Mine was not an optimistic faith. That came later. Mine was despairing loyalty. So, when he said he was going back to Judea where people were waiting ... conspiring ... actively seeking to kill him, I said, “let’s go.”
No one could change his mind once it was made up. He had such determination and strength of will. It was his Father’s will I came to understand. Not just his own.
So, he said, “we’re going back to awaken Lazarus,” and I had no earthly idea what he meant. That’s because it wasn't an earthly idea, but a heavenly mission he was on - every day of his life.

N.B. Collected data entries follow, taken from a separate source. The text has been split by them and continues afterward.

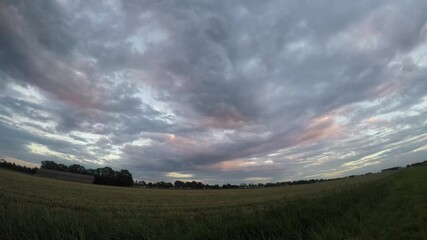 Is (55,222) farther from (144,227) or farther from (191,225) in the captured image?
(191,225)

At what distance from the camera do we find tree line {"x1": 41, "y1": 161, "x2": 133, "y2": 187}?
104m

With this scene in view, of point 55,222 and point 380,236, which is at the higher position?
point 55,222

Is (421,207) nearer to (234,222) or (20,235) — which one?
(234,222)

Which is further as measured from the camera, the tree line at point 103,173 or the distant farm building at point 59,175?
the tree line at point 103,173

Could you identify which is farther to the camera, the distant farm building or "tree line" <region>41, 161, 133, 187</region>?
"tree line" <region>41, 161, 133, 187</region>

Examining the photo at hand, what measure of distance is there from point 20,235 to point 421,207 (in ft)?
45.7

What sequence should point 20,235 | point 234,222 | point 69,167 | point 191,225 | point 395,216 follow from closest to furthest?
point 20,235 < point 191,225 < point 234,222 < point 395,216 < point 69,167

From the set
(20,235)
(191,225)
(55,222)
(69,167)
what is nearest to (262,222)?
(191,225)

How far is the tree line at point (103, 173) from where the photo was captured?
10438 centimetres

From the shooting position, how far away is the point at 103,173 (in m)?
137

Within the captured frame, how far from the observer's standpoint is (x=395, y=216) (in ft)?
37.2

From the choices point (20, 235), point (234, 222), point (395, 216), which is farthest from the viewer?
point (395, 216)

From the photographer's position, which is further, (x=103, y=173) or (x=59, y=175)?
(x=103, y=173)

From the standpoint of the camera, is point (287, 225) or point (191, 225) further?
point (287, 225) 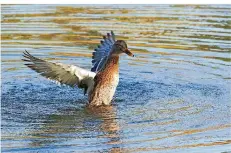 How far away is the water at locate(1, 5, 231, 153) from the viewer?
9312mm

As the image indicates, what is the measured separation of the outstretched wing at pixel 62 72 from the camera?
1073 centimetres

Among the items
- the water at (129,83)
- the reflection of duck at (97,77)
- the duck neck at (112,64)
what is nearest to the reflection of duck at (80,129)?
the water at (129,83)

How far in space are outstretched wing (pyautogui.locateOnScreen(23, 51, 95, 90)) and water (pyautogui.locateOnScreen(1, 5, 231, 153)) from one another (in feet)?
1.11

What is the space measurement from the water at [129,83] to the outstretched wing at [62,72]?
1.11 ft

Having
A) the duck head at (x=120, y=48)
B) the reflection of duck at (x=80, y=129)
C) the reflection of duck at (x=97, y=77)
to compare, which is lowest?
the reflection of duck at (x=80, y=129)

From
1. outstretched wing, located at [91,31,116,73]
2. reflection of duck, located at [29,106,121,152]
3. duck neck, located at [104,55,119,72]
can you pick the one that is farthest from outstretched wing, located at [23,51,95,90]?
outstretched wing, located at [91,31,116,73]

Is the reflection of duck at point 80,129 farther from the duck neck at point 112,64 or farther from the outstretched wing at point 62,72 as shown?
the duck neck at point 112,64

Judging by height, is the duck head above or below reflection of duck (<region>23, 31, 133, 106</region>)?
above

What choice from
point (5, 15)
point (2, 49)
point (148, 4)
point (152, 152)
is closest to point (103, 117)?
point (152, 152)

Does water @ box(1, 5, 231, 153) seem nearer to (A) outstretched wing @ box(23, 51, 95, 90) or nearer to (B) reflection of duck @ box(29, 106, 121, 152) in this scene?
(B) reflection of duck @ box(29, 106, 121, 152)

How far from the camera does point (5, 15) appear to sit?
1822 centimetres

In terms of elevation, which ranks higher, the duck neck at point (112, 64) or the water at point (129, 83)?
the duck neck at point (112, 64)

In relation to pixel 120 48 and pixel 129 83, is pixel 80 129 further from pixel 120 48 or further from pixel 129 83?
pixel 129 83

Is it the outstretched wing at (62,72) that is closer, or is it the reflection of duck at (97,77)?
the outstretched wing at (62,72) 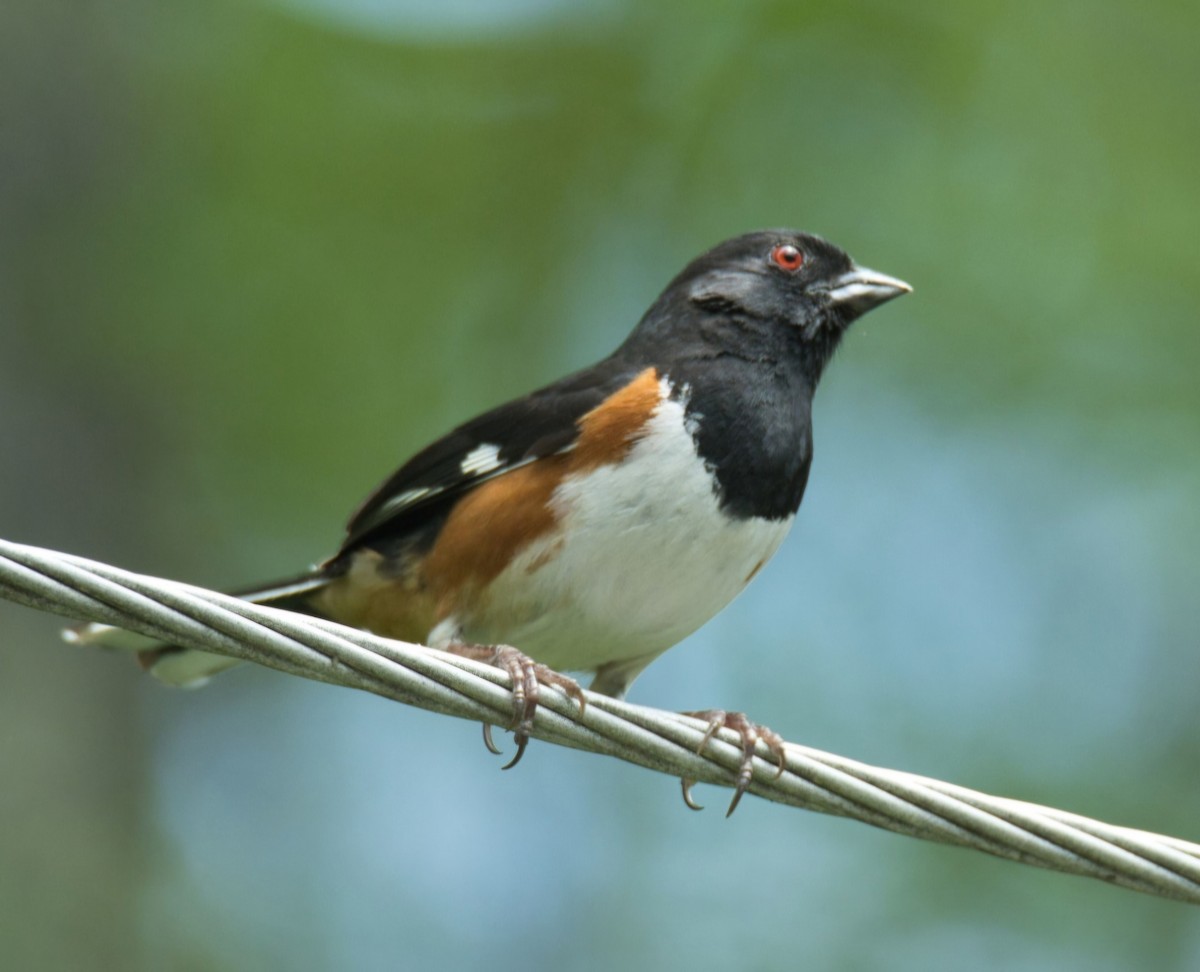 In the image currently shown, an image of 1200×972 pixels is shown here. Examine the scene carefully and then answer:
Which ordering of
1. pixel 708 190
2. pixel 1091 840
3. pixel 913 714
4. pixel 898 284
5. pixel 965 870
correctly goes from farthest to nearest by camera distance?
pixel 708 190, pixel 913 714, pixel 965 870, pixel 898 284, pixel 1091 840

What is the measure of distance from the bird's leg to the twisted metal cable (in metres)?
0.04

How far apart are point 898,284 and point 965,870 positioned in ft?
11.8

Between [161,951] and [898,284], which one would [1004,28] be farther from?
[161,951]

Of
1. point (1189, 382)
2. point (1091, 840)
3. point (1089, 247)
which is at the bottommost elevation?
point (1091, 840)

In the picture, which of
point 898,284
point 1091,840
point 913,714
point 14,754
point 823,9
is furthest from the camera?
point 823,9

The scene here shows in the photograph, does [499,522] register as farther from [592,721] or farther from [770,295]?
[592,721]

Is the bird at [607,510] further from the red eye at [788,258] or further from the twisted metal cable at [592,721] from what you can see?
the twisted metal cable at [592,721]

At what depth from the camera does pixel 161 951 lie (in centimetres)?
666

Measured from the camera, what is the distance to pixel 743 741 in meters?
3.41

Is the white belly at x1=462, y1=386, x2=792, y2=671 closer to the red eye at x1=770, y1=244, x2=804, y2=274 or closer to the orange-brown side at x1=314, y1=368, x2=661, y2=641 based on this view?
the orange-brown side at x1=314, y1=368, x2=661, y2=641

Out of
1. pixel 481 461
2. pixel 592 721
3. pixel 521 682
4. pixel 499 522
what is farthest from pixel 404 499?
pixel 592 721

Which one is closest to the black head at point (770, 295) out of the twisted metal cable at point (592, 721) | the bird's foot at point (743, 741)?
the bird's foot at point (743, 741)

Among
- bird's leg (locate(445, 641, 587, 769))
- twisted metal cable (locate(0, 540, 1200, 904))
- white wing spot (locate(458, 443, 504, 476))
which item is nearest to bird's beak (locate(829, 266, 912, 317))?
white wing spot (locate(458, 443, 504, 476))

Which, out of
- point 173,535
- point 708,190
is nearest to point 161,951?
point 173,535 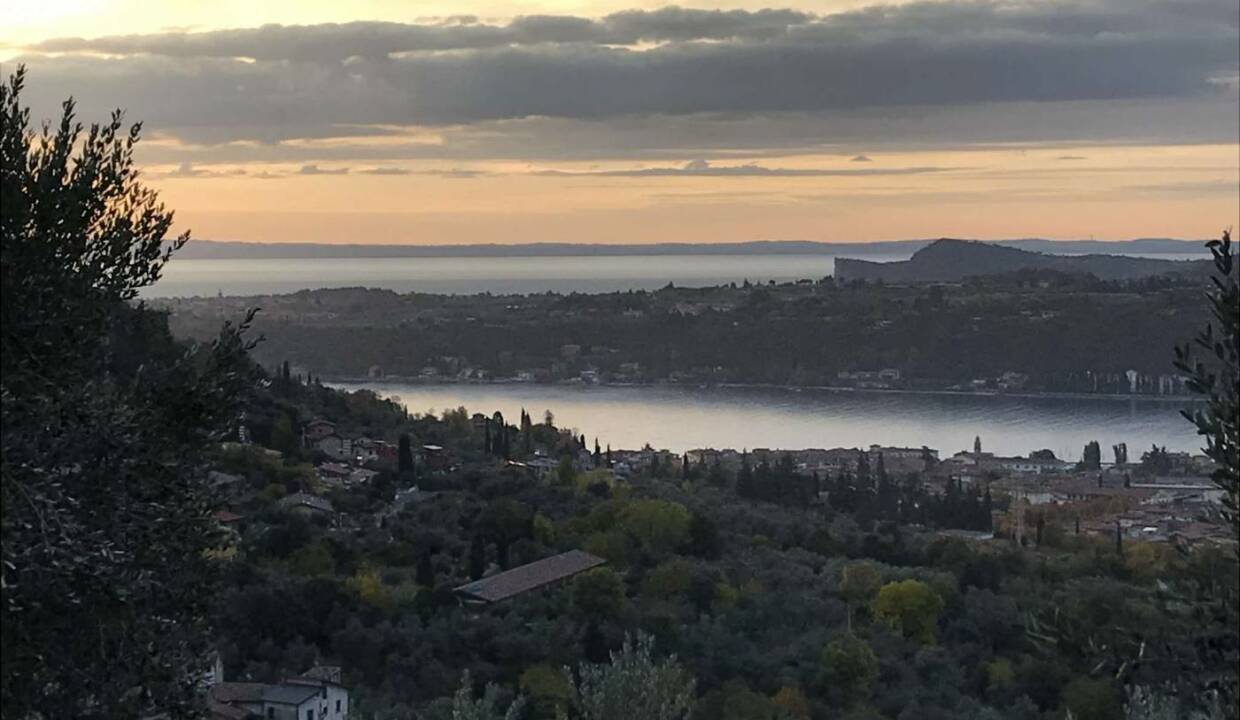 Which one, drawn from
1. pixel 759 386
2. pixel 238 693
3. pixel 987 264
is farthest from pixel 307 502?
pixel 987 264

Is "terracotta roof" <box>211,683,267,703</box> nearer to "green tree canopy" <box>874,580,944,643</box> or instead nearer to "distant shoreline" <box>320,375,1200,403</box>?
"green tree canopy" <box>874,580,944,643</box>

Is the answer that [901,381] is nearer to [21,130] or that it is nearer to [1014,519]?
[1014,519]

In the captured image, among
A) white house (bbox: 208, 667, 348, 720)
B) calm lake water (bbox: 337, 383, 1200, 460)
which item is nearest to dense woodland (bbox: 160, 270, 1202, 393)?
calm lake water (bbox: 337, 383, 1200, 460)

Let us go and die with him, I told our friends. Little did I know what that would mean that something inside me would have to die with him to live - my doubt and despair, my lostness and sin.
And only he could make it happen.
When he called Lazarus out that day, we caught a glimpse of what it might be like.
As we walked alongside him later as he entered Jerusalem, the people waved palm branches shouting, “Blessed is he that comes in the name of the Lord.” Something inside me wanted to soar, but something else held back - impending doom ... despair.
He died. He died gruesomely and indignantly. No one should have to die like that.
He did not have to --- I came to understand that. He laid his life willingly down. For us.
We saw Lazarus rise, but I could not believe in his resurrection still - till I saw him. I wish I could have believed sooner. I wish I had not come to be known as the doubter. I know now that death is not the last word on anything.
I looked into his eyes after he had risen and knew the meaning of life and I cried, “My Lord and my God.